2 big Texas oil producers announce $26B merger
Diamondback-Endeavor plan latest deal for energy industry
Two large Texas oil producers are joining forces in a deal valued at $26 billion, the latest in a wave of consolidation in the U.S. energy industry.
Diamondback Energy and Endeavor Energy Resources, major players in the booming Permian Basin oil field that straddles New Mexico and Texas, announced Monday that they would merge in a cashand-stock deal, with Diamondback’s shareholders owning about 60% of the combined company.
The Permian Basin was once seen as a worn-out patch. But over the past decade or so, technological advances, including the advent of fracking, or hydraulically fractured horizontal wells, have opened its oiland gas-rich shale fields to development. The basin has become the most productive oil and gas field in the United States.
“With this combination, Diamondback not only gets bigger, it gets better,” Travis Stice, the company’s CEO, said in a statement.
Diamondback Energy, which was founded in 2007 and has been publicly traded since 2012, reported that it had $9.6 billion in revenue, primarily from oil, and more than $4 billion in profit in its last fiscal year. It has a market value of about $27 billion.

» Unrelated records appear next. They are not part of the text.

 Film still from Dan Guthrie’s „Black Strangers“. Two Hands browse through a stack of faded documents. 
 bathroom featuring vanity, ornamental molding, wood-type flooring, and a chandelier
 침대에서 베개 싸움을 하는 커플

Endeavor’s roots date to 1979, when a wildcatter, Autry Stephens, drilled his first well in West Texas. He turned his business into Endeavor in 2000, and it has grown into one of the largest privately held operators in the country. But Stephens, whose worth Bloomberg estimates at almost $15 billion, is 85, and the current wave of consolidation makes this a good time to sell.
Deal fever has been sweeping the industry, as oil and gas companies race to consolidate despite predictions that peak oil is only years away as the world turns away from fossil fuels. Over the years, the shale drilling industry has become an industrial process, with the strongest companies acquiring more acreage to give themselves better options and lower costs.

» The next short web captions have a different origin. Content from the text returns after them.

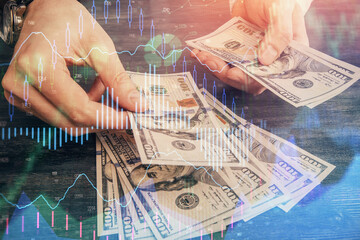 Multi exposure of financial graph drawing hologram and USA dollars bills and man hands. Analysis concept.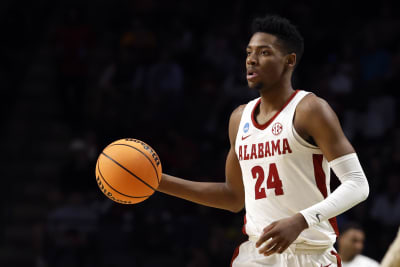 Alabama basketball's Brandon Miller is protected by ARMED SECURITY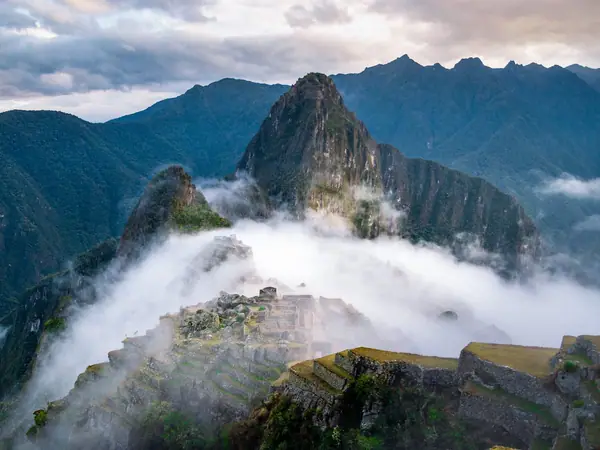 Morning cloud rising over the Machu Picchu citadel with Huayna Picchu appearing above the mist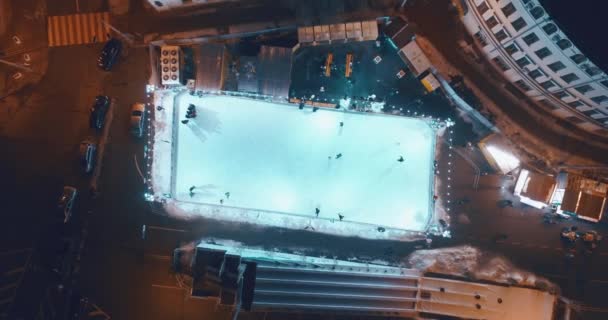 people on the skating rink for christmas. top view of the ice rink - Footage, Video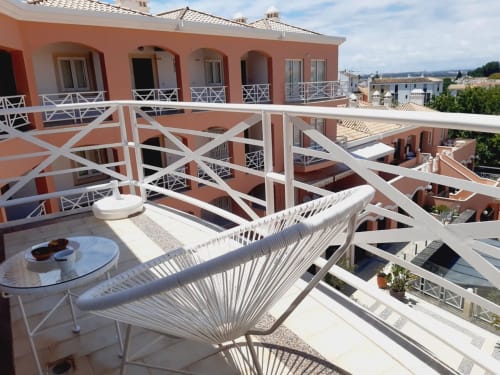 Terraço ensolarado do apartamento de praia VILLALUSA no Algarve com espreguiçadeira branca, rede e vista para edifícios em tons de terracota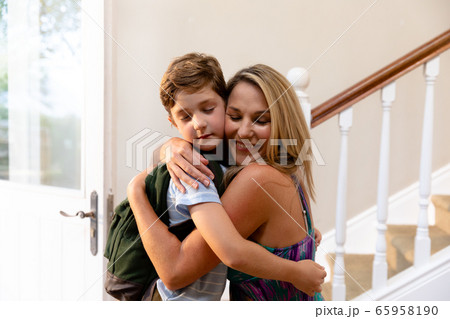 Caucasian woman and his son at home 65958190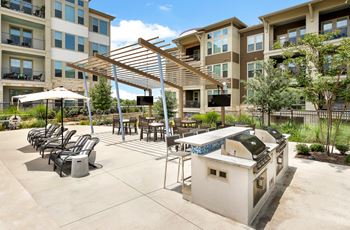 the preserve at ballantyne commons outdoor patio with barbecue grill and tables and chairs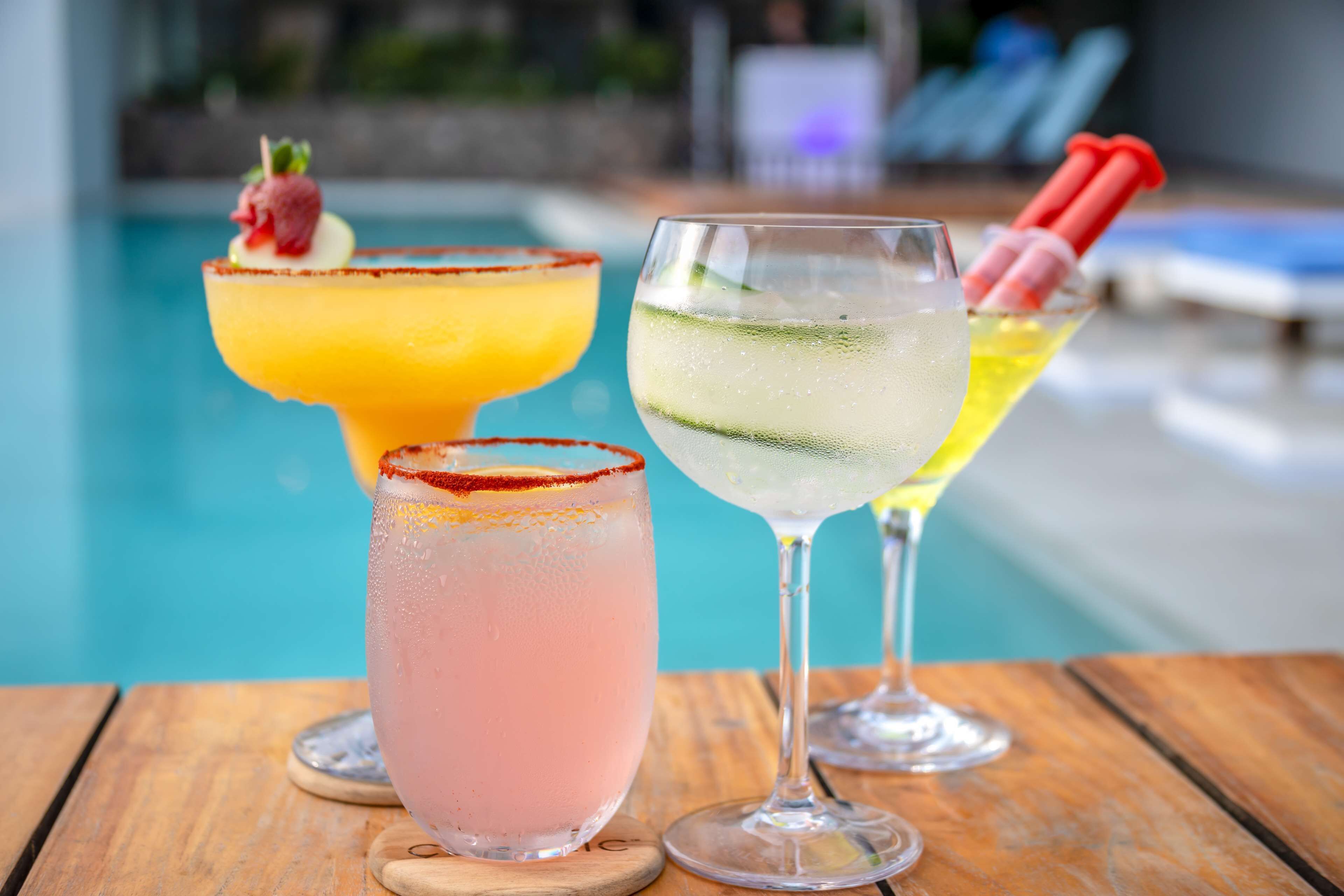Three cocktails on a wooden table by a poolside.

The combined company would be a substantial player, producing 816,000 barrels of oil and gas a day from a total of 838,000 acres. According to a news release, they would be able to break even financially with oil at less than $40 a barrel, well below the current price of about $77 a barrel for West Texas Intermediate, the U.S. standard.
The companies expect the deal to close in the fourth quarter of this year, subject to approvals by regulators and shareholders.
Several major deals were announced one after another last fall. In October, Exxon Mobil said it would buy Pioneer Natural Resources for $59.5 billion, positioning Exxon Mobil as the largest player in the Permian Basin. Later that month, Chevron, the second-largest U.S. oil company, said it would buy Hess in a deal valued at $53 billion, although the most highly prized assets in that transaction are in Guyana.
The Permian Basin has been a focus for environmentalists concerned about how the fracking boom has depleted water resources and led to methane emissions.